The association went on to say that without the funding formula in place, many school districts may defer maintenance and acquisition of new buses which, among other ramifications, puts student safety at greater risk.
“Eliminating the existing transportation formula for schools and putting funds into a block grant will jeopardize pupil safety, result in the loss of local jobs and small businesses, and negatively impact the environment,” said Selina Pittenger, executive director of PSBA. “In response to the block grant proposal, some school districts have already discussed substantial reduction of bus routes, ending busing for high school students, and even the outright elimination of all school buses in the event that this proposal is approved.”
Approximately 85% of the state’s 500 school districts contract with private school bus companies.
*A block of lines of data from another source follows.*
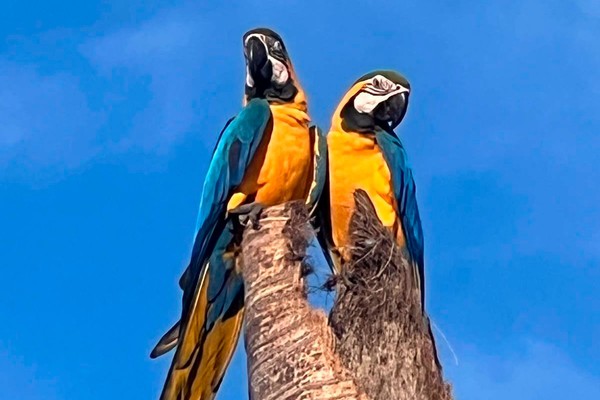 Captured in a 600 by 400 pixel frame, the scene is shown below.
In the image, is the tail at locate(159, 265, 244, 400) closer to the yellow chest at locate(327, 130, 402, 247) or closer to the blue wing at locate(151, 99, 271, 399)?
the blue wing at locate(151, 99, 271, 399)

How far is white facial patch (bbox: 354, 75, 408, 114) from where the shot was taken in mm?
5066

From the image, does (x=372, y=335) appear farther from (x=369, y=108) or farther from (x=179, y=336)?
(x=369, y=108)

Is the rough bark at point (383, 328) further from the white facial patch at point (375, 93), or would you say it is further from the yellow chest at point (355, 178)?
the white facial patch at point (375, 93)

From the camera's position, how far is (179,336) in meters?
4.47

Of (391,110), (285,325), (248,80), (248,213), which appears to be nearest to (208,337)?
(248,213)

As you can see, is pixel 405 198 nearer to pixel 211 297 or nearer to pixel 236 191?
pixel 236 191

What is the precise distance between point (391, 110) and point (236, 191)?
88 cm

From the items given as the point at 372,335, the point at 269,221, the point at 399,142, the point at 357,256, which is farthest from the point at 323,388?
the point at 399,142

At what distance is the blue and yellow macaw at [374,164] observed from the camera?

For those school districts that do not cut or eliminate busing, PSBA said that the preliminary state budget proposal would see transportation funding levels below the cost of inflation, which would make many of the small bus companies unsustainable.
Therefore, PSBA feels that the existing transportation funding formula should be retained to help maintain student safety, control property taxes, and protect local jobs and businesses.
The association drew on data from the Pennsylvania Department of Transportation (PennDOT) and the Pennsylvania Bureau of Highway Safety and Traffic Engineering about the state’s school bus safety record to support its position on the funding issue.
According to data compiled by PennDOT and the Pennsylvania Bureau of Highway Safety and Traffic Engineering, there has not been a single fatality of a student passenger in a school bus crash in Pennsylvania since 1993, despite the fact that school buses transport more than 1.5 million Pennsylvania students on a daily basis.
The PSBA also cited statistics from the National Highway Traffic Safety Administration on the important role that school buses play in student safety throughout the country.
“These statistics reflect the fact that school buses are designed to keep children safe with flashing lights, specially trained drivers, bright colors, stop signs, reinforced sides and size and height standards,” Pittenger said. “According to the federal government, teen drivers account for 58% of all student fatalities during normal school travel hours and adult drivers account for another 23%. School buses account for just 1%.”
Pittenger also noted that school bus drivers in Pennsylvania go through extensive driver and safety training, and they are also required to undergo regular recertification training, four different background checks, pre-employment drug testing, as well as random drug and alcohol testing.